I will look at three examples where the dialogue complicates these binaries: (i) the Senate’s inclusion of the double-suns portent on the agenda (Rep. 1.15); (ii) Tubero and Scipio’s debate about Socrates (Rep. 1.15–6); and (iii) Laelius’ legal joke about the double suns (Rep. 1.20 ). Here, I sketch the first example: the double-suns portent.

Upon arriving at his uncle’s villa, Tubero asks Scipio if they can talk about “what has been announced in the Senate about the second sun” (de isto altero sole quod nuntiatum est in senatu? Rep. 1.15), pointing out that many people have reported the portent, so it must be true and deserves explanation. Scipio, in turmoil about Rome’s political unrest, prefers to talk about something more practical, confessing to Tubero that he does not entirely approve of the enquiry into astronomical matters which “we can scarcely get an inkling of by conjecture” (quae vix coniectura qualia sint possumus suspicari, 1.15). Here, we see the pitting of political exigencies and astronomical musings. Scipio qua statesman wants to talk of something politically useful, while Tubero qua scholar would prefer to talk about astronomical anomalies. But the division is not so neat: the double suns were brought up in the Senate, not a philosophical dispute. Thus, we already have a meeting of the two realms: the Senate has been debating whether the double suns merit a spot on the agenda as a politically relevant portent. And, from the readers’ standpoint, they do—after all, within days after the dialogue’s conclusion, Scipio died, assassinated (it is said) at the hands of his own family.

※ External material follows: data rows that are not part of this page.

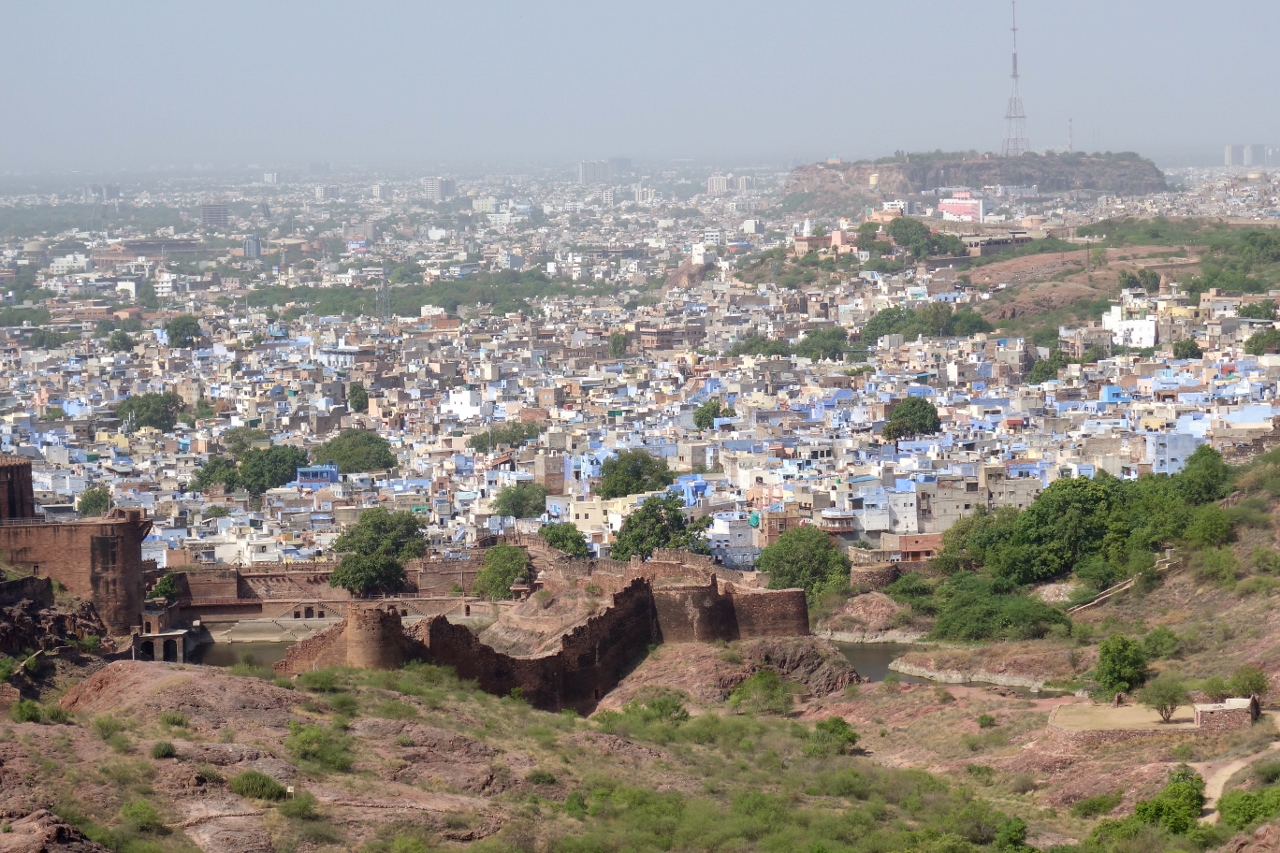 Inde 222 1280x853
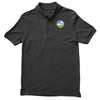 my neighbor totoro Polo Shirt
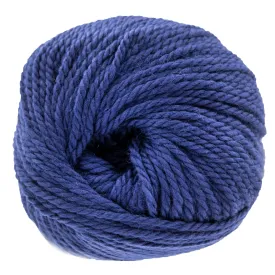 Rowan Mode Chunky Wool Yarn - 011 Winter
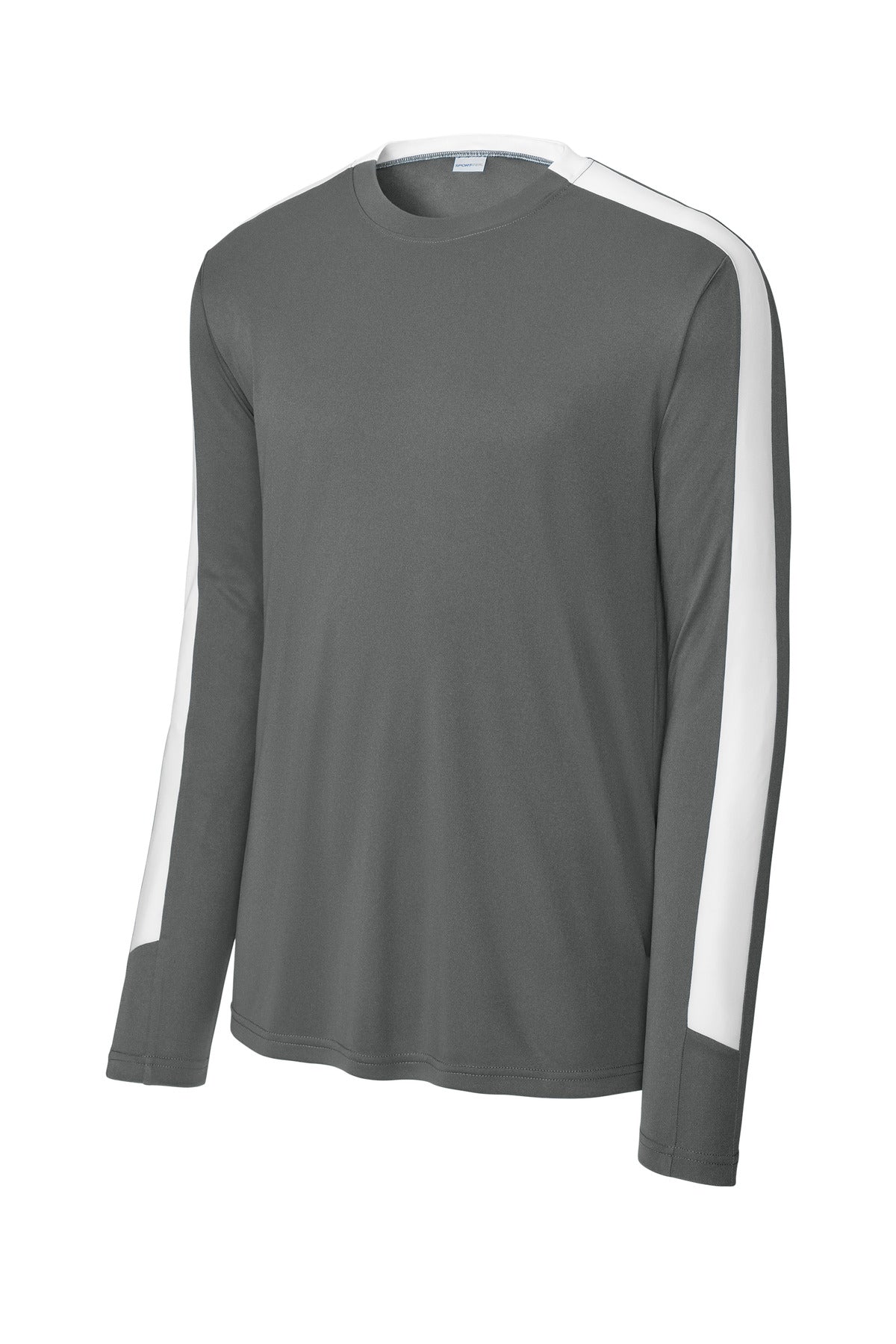 Performance United Long Sleeve T-shirt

Tubero and Scipio first appear as representatives of dueling modes: astronomy/politics, contemplation/action. But just when we think that Tubero falls into the first category and Scipio the second, the boundaries blur. The dialogue invites us to entertain the possibility that the double suns are a portent, especially relevant to Scipio (whom we know is about to die) navigating the political unrest that has all but split the Senate in half. The parallel between the two factions of the Senate and the doubling of the sun suggests astronomical phenomena and life on the ground might have some sort of relationship after all, and perhaps—at least in the dialogue—politics and natural philosophy can speak to one other.